Connecting Science, Maths & Music

In Peter’s workshop today we learnt about waves and vibrations. So what is a vibration? Where do you come across vibrations? And what happens during a vibration?

A vibration is the forward and backward motion of an object in a regular pattern. Vibrations can be so fast that you cannot see them. Vibrations start of big and become smaller and smaller unless energy is provided to keep the waves big. These vibration make sound occur.

Vibrations are detected by the ear. Once the sound travel to our ear, our ear drum vibrates and these vibrations are passed through the three small bones (called ossicles) to a spiral structure called the cochlea. Signals are passed from the cochlea to the brain through the auditory nerve, and our brain interprets these signals as sound.

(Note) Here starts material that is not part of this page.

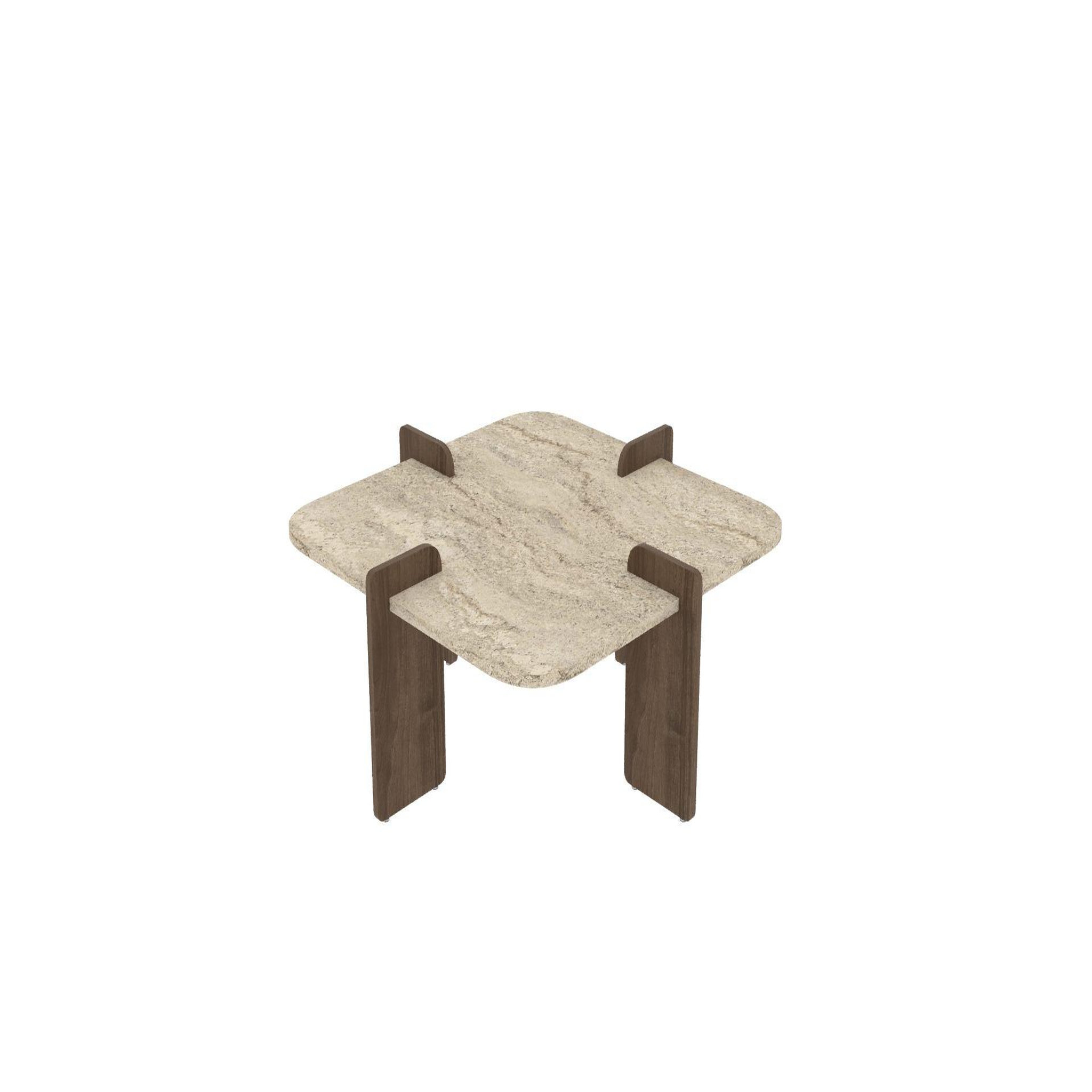 Habitat et Jardin Table basse en bois  poalla  - 90 x 90 x 35 cm - travertin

We come across vibrations in every day life. A major vibration you would find it to communicate without is your vocal cords! Your vocal cord vibrate when you speak to make sound. In school when you ping a ruler or elastic band over an object you can often see the vibrations, the waves going backwards and forwards. If you go to a music festival and stand beside the huge loud speakers you can see and hear the bass vibrating the speaker. You can see and hear vibrations when they are at low frequencies.

Sound travels outwards in oscillations (backwards and forwards motion), in all directions, from the equilibrium point. The air around the equilibrium point creates the sound waves. Sound travels in longitudinal waves. Waves are made up of compressions and rarefactions. Compression happens when molecules are forced, or pressed, together. Rarefaction is just the opposite, it occurs when molecules are given extra space and allowed to expand.


Sounds waves need a medium to travel through, they will travel in a gas, liquid or solid – not empty space. The vibrations shake up the particles around them and these particle create a domino effect for the sound the travel. You can experiment with these three forms by making string telephones, talking underwater and putting a drinking glass to a wall.

To make something louder you need to add more energy to it, the term amplitude can be used to refer to loudness. Amplitude is the maximum height of the wave from its resting position – the greater the amplitude, the louder the sound. Pitch is to do with the frequency or number of vibrations per second. Frequency is measured in hertz (Hz). The closer together the waves are and the higher the pitch. On a guitar sting, the shorter the sting the higher the pitch will be as the vibration have less material to cover therefore the pattern of oscillations is more regular.

At the end of Peter’s workshop we got to experiment with vibrations and Beth, Beth and I experimented with music.